Question

Let `a, b > 0, a+b = 1, n>1` Show that `(a+1/a)^n + (b+1/b)^n >= 5^n/n^(n-1)`?

Let `a, b > 0, a+b = 1, n>1`
Show that `(a+1/a)^n + (b+1/b)^n >= 5^n/n^(n-1)`

Answer 1

See below.

Explanation:

This problem can be stated as a minimization problem.

Calling `f(a,b)=(a+1/a)^n + (b+1/b)^n`

Find `{a_0,b_0}="arg"minf(a,b)`

subjected to

`g(a,b)=a+b=1`

If `(a_0+1/a_0)^n + (b_0+1/b_0)^n ge 5^n/n^(n-1)` then the proposition will be true.

Analyzing the problem we see due to the symmetry, that `a,b` will require the same resources so a good guess is `a_0=1/2, b_0=1/2`

Now substituting those values into the objective function we have

`(a_0+1/a_0)^n + (b_0+1/b_0)^n=5^n/2^(n-1) ge 5^n/n^(n-1)` for `n > 1`

It is necessary to analyze for the minimum of `f(a,b)` at `a_0,b_0`

The Hessian `H_f=((f_(a,a),f_(a,b)),(f_(b,a),f_(b,b)))`

at `a_0,b_0` is

`H_f=(((2/5)^(2 - n) n (31 + 9 n), 0),(0, (2/5)^(2 - n) n (31 + 9 n)))`

This matrix has as characteristic polynomial

`p(lambda)=(lambda-(2/5)^(2 - n) n (31 + 9 n))^2` with positive roots so `a_0,b_0` is a minimum point, and the assertion is true.

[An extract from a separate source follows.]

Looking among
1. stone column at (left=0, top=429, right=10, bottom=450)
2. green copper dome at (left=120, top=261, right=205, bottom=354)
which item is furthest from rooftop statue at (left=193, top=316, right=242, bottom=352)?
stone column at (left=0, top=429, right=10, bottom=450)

Note. The point `a_0,b_0` is a stationary point because with

`d/(da)(f @ g)(a)=(1/(a-1)^2-1) (1 + 1/(1 - a) - a)^(n-1) n + (1 - 1/a^2) (1/a + a)^(n-1) n`

we have `d/(da)(f @ g)(1/2)=0`

Answer 2

See below.

Explanation:

Another point of view.

Making now `u=a+1/a` and `v=b+1/b` we have

`u^n+v^n ge 5^n/(n^(n-1))` subjected to

`1/2(upmsqrt(u^2-4))+1/2(vpm sqrt(v^2-4))=1`

Due to the symmetry the minimization problem requires that

`1/2(upmsqrt(u^2-4))=1/2(vpm sqrt(v^2-4))=1/2`

or

`(u-1)^2=u^2-4->u=u_0=5/2`
`(v-1)^2=v^2-4->v=v_0=5/2`

and

`u_0^n+v_0^n=2(5/2)^n= 5^n/(2^(n-1)) ge 5^n/(n^(n-1)) forall n > 1`

Suppose instead that symmetry does not occur

`1/2(u_0pmsqrt(u_0^2-4))=1/2+epsilon` and `1/2(v_0pm sqrt(v_0^2-4))=1/2-epsilon`

then

`{(u_0=(4+(1+2epsilon)^2)/(2(1+2epsilon))),(v_0=(4+(1-2epsilon)^2)/(2(1-2epsilon))):}`

and

`f(epsilon)=((4+(1+2epsilon)^2)/(2(1+2epsilon)))^n+((4+(1-2epsilon)^2)/(2(1-2epsilon)))^n`

Now

#(df)/(d epsilon)=((4 epsilon (1 + epsilon)-3) (1/2 + epsilon + 2/(1 + 2 epsilon))^(n-1) n)/(1 + 2 epsilon)^2-((1/2 + 2/(1 - 2 epsilon) - epsilon)^(n-1) (2 epsilon-3) (1 + 2 epsilon) n)/(1 - 2 epsilon)^2#

and as can be verified,

`(df)/(d epsilon)(0)=0` and also

`(d^2f)/(d epsilon^2)(0)=5^(n-2)/2^(n-3) n (31 + 9 n)> 0` so `epsilon = 0` is a minimum and this result confirms `u_0=v_0=5/2` as the solution point, validating the proposition.